From a WaPo article (“Final volume shows why Twain wanted ‘Autobiography’ kept under wraps“):
Only with the publication of this, the third and final volume of his “Autobiography,” do we finally understand why Mark Twain wanted the book kept under wraps until 100 years after his death. He did take potshots at various targets in the first and second volumes, but most of them were minor figures hardly remembered today. (He’s probably right, for example, to charge that Bret Harte’s meager talent burned out after he wrote four or five memorable short stories, and that late in his life Harte became a sponger, but who really cares now?) In Volume 3, however, Twain is at full cry in pillorying two of the most widely admired 20th-century Americans: the eternally adolescent Teddy Roosevelt and the vainglorious Andrew Carnegie.

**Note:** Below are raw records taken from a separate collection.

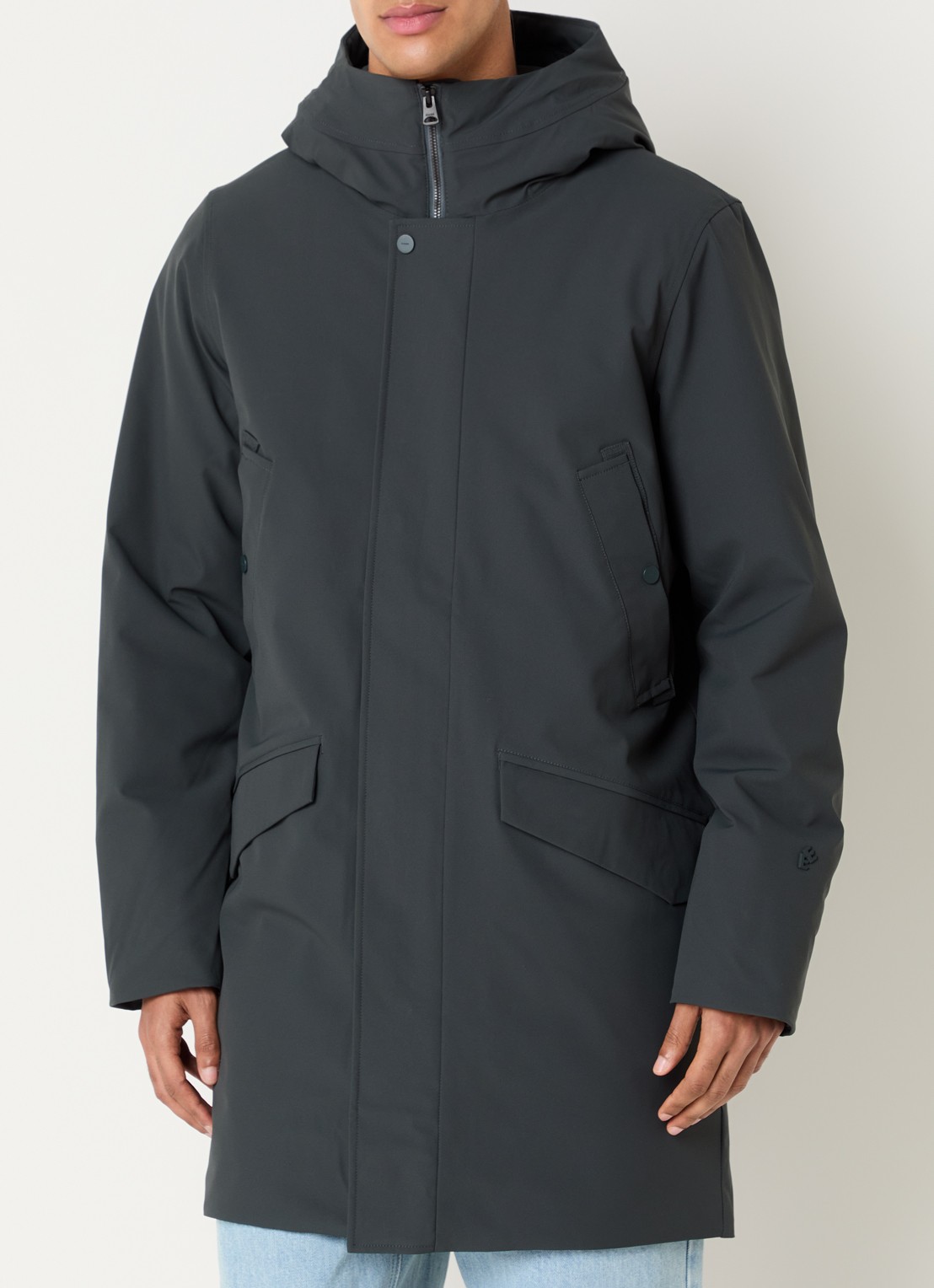 Elvine Alrik waterproof gewatteerde parka met klepzakken - detail olijfgroen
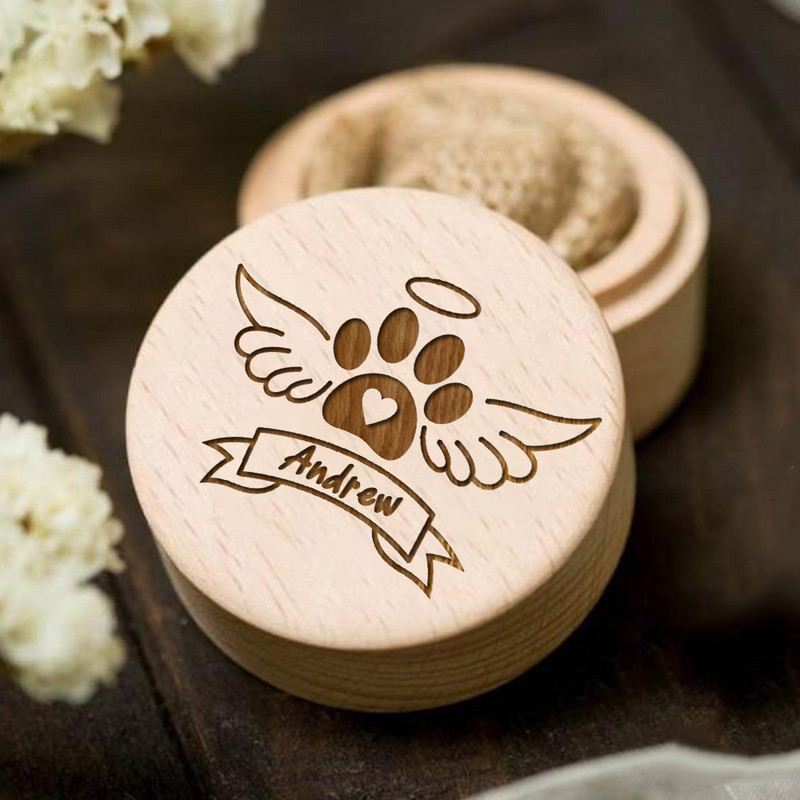 Wings Paw Print Mājdzīvnieku zobārstniecības piemiņas kaste Kaķu un suņu matu uzglabāšanas kaste Mājdzīvnieku produktu aksesuāri Mājdzīvnieki Pazudušā piemiņas dāvana draugam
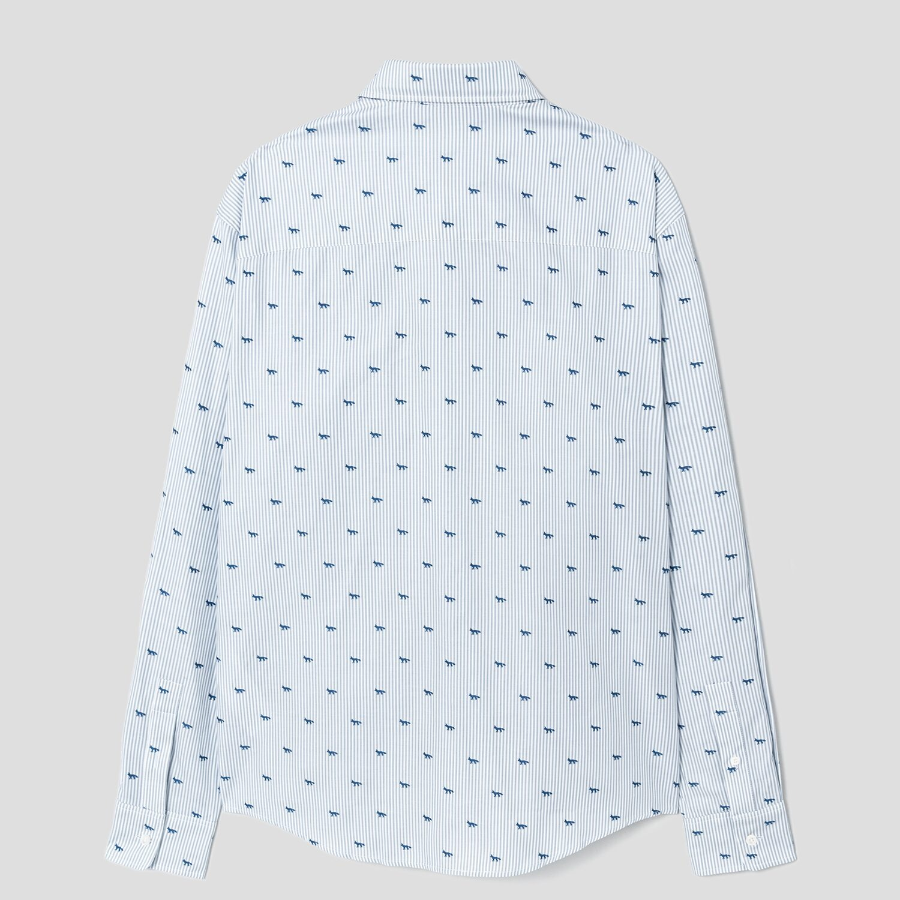 Maison Kitsune Men Profile Fox Casual Striped Shirt - Zinc Grey Stripe
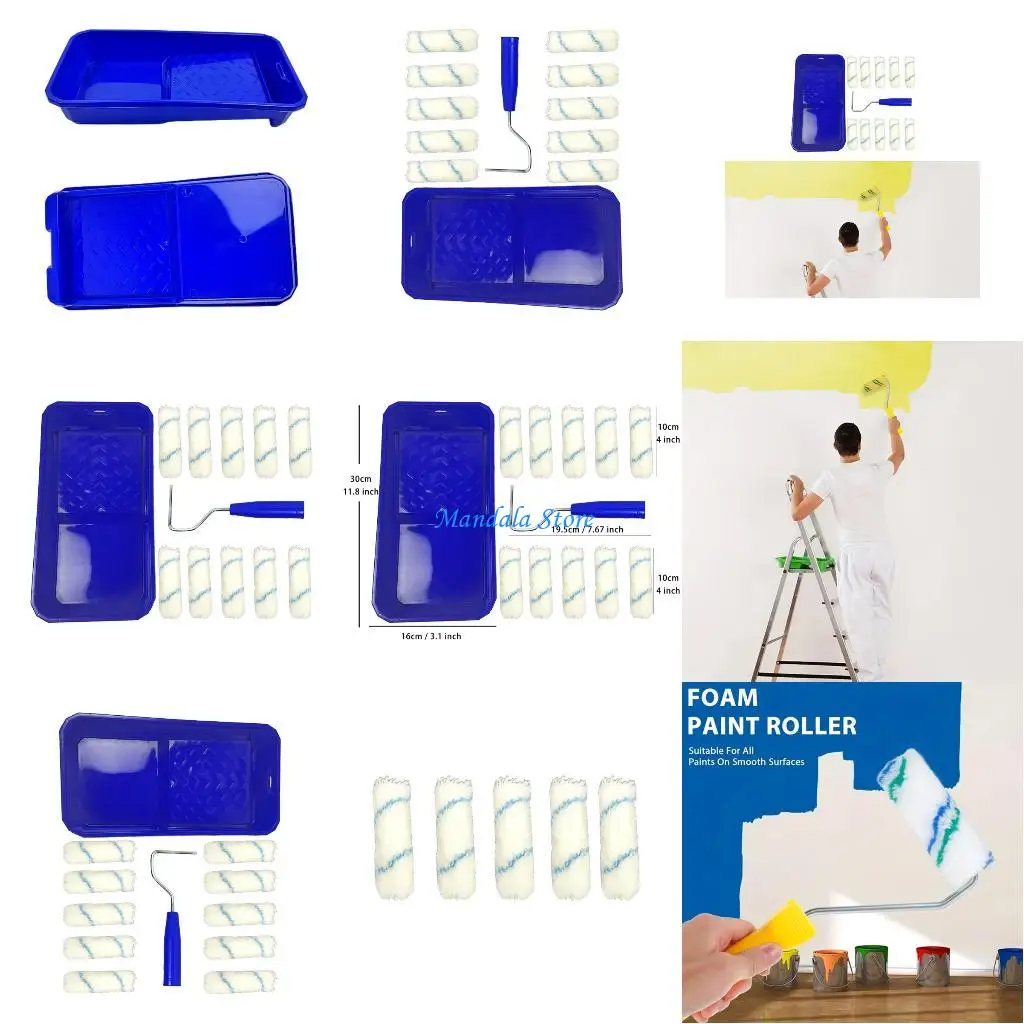 

U2JC Wall Paint Painting Tools 4inch Foams Roller Brushes for Furniture Painting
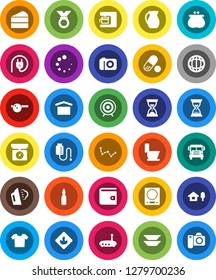 White Solid Icon Set- steaming vector, toilet, plates, jug, cake, oil, school bus, world, constellation, wallet, sand clock, target, medal, pills, dry cargo, flammable, eye doctor hat, drop counter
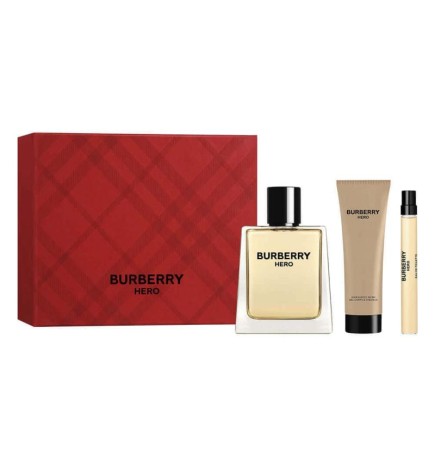 Set burberry hero edt spray 100ml + gel doccia 75ml + edt spray 10ml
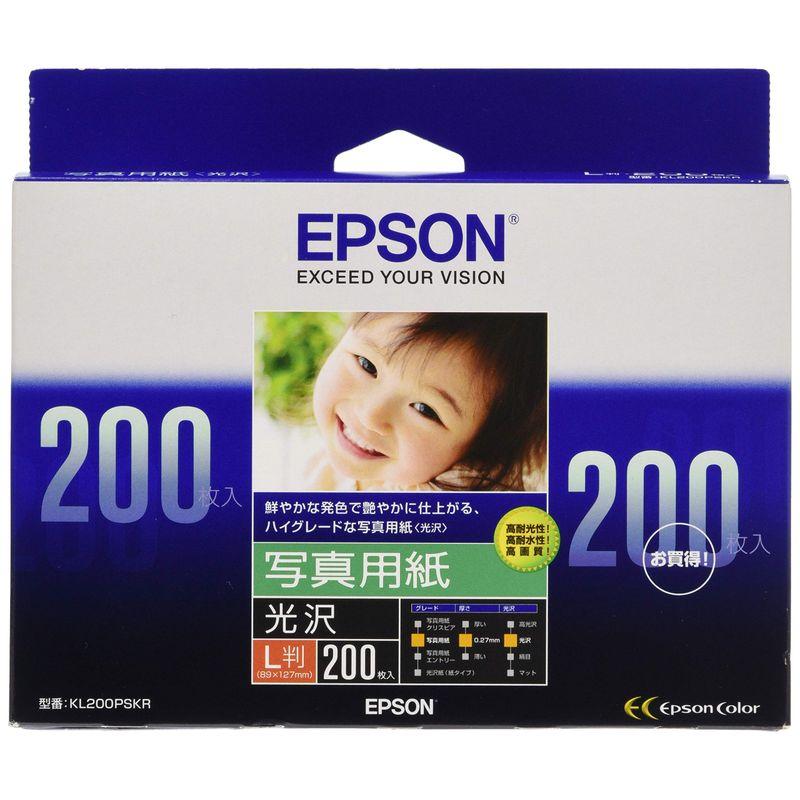 エプソン EPSON 写真用紙光沢 L判 200枚 KL200PSKR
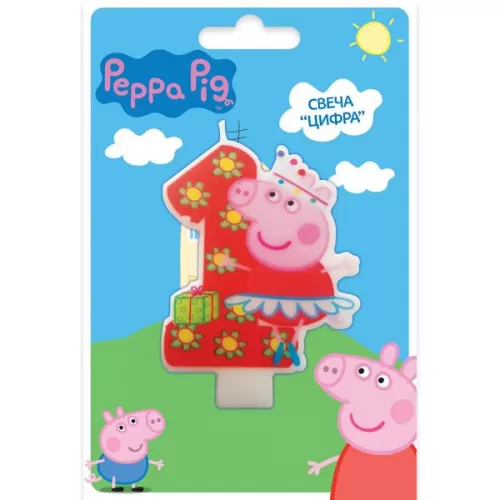 Свеча цифра 1 «Свинка Пеппа» (Peppa Pig)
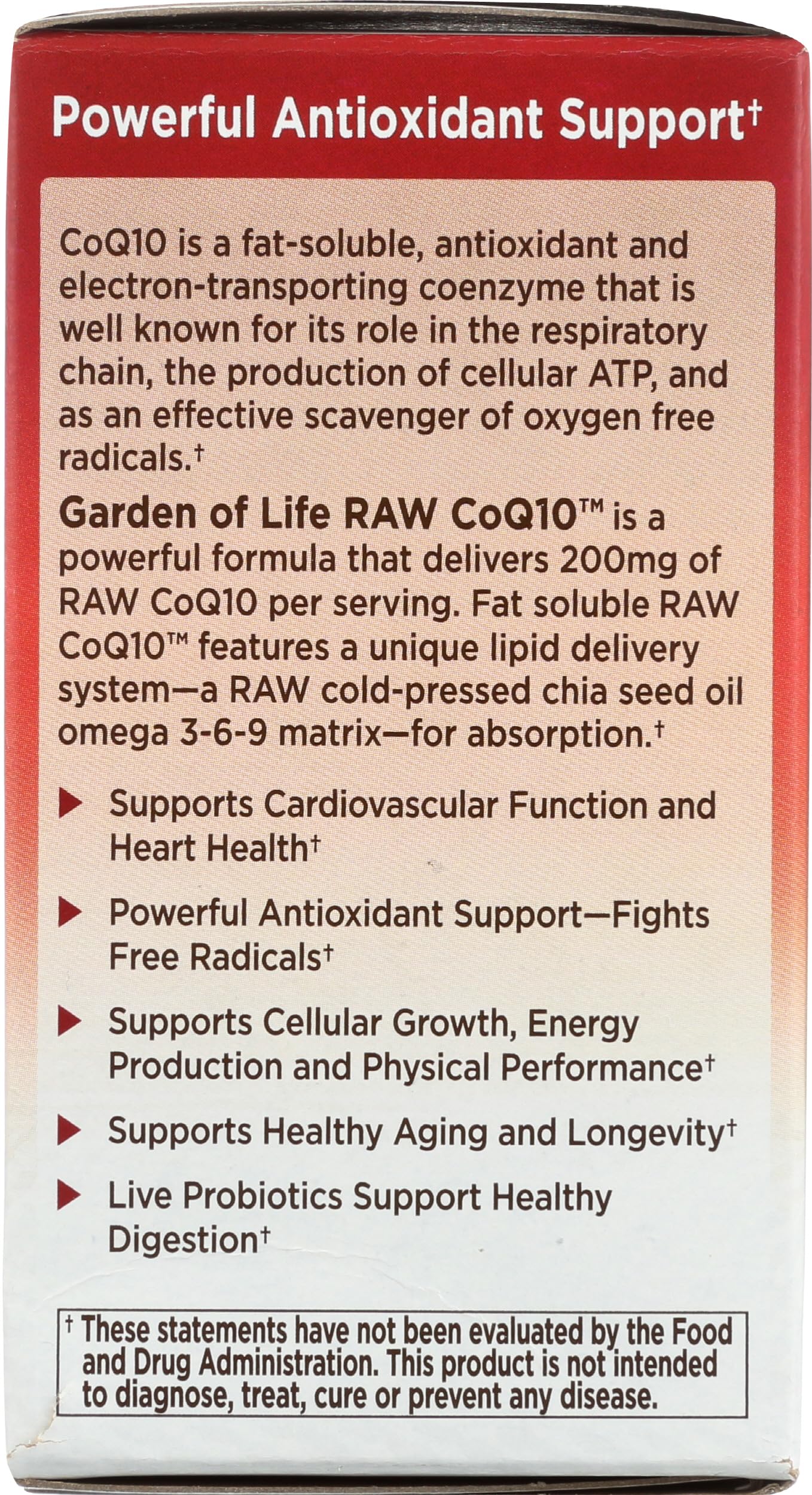 Garden of Life Raw CoQ10 Capsules 60 Count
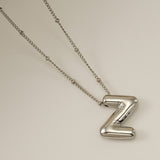 Titanium Steel Silver Glossy English Letter Pendant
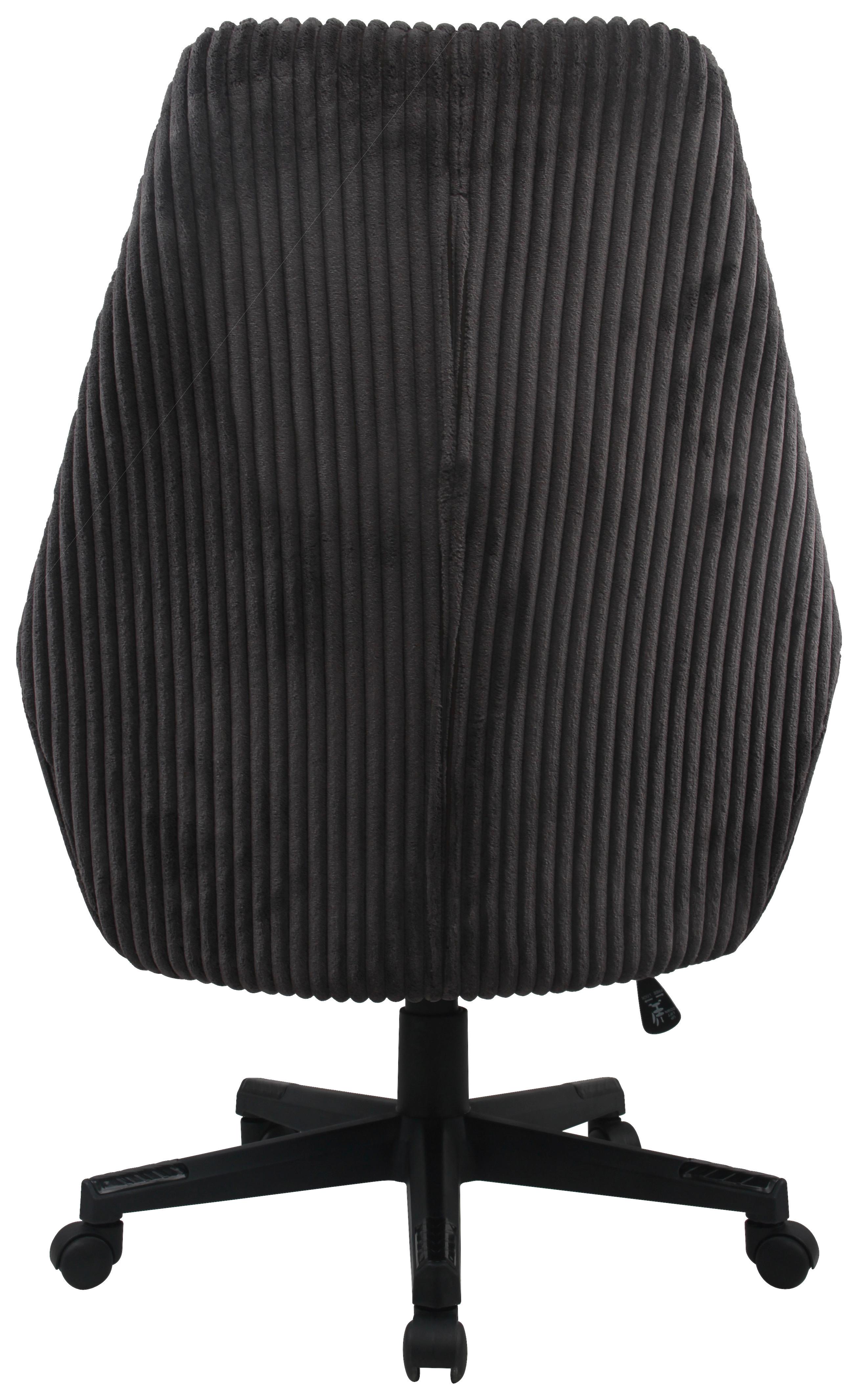 Drehstuhl Leone mit Armstützen Kord Dunkelgrau - Dunkelgrau/Schwarz, MODERN, Kunststoff/Textil (66/137/68cm) - MID.YOU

At one point, Twain vilifies TR by comparing him to the vilifier’s own most famous creation: “Mr. Roosevelt is the Tom Sawyer of the political world . . . always showing off; always hunting for a chance to show off; in his frenzied imagination the Great Republic is a vast Barnum circus with him for a clown and the whole world for audience.” Elsewhere, Twain calls Roosevelt “the missing link,” i.e., the supposed evolutionary place-holder between the ape and homo sapiens.
When conservatives I know resist the idea of Trump as POTUS, I remind them of TR, a bloviating self-promoter who, whether you agreed with his policies or not, has become one of America’s “great” Presidents.